I came across this article by By Jen Schiller  with business tips from A Christmas Carol one of my favorite this time of the year. Enjoy, Don
As the holiday season bulldozes on it’s sometimes hard not to feel like Charles Dickens’ infamous boss Ebenezer Scrooge in the classic ‘A Christmas Carol.’
And business owners and entrepreneurs, feeling the pinch of the holidays, can unintentionally develop some Scrooge-like tendencies.
Therefore, I’m putting on my best Jacob Marley ghost costume to bring  business tips, courtesy of ‘A Christmas Carol.’

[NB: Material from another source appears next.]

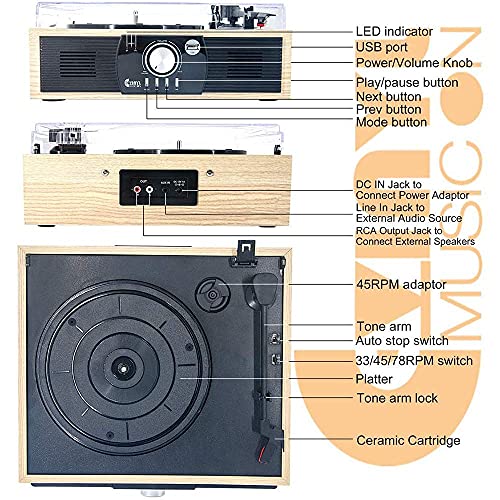Tourne-disques, Enregistrement rétro, Centre de Musique avec télécommande, Lecteur CD, Dab et FM, Radio AM, Lecteur de… - Les Beatles, Paul McCartney, John Lennon, RIngo Starr, George Harrison Tourne-disques, Enregistrement rétro, Centre de Musique avec télécommande, Lecteur CD, Dab et FM, Radio AM, Lecteur de… – Image 5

The Ghost of Company Past:
To start with, I bring you the Ghost of Company Past. If you are a business owner try to remember the roots of your company. While change and progress are critical to the sustained success of a company, so too is the adherence to the principles and values set forth originally. Many young entrepreneurs get so wrapped up in the future that they fail to recognize what made the company successful in the first place. As the boss it is your job to keep employees on an ethical path.
Ghost of Company Present:
Next, we sail off with the Ghost of Company Present. Here’s the time for business owners  to remember to enjoy the current path of your company and view the positives of your current situation. Just like Tiny Tim saw the good in people despite all the obstacles he faced, you too should enjoy what you have. There is room for ambition in business, sure, but there’s no joy if you never stop to experience it. Bosses can use the holiday season as an excuse to celebrate company culture and instil a sense of pride for the company within the company.
Ghost of Company Yet To Come
Finally, we find ourselves in the presence of the Ghost of Company Yet To Come.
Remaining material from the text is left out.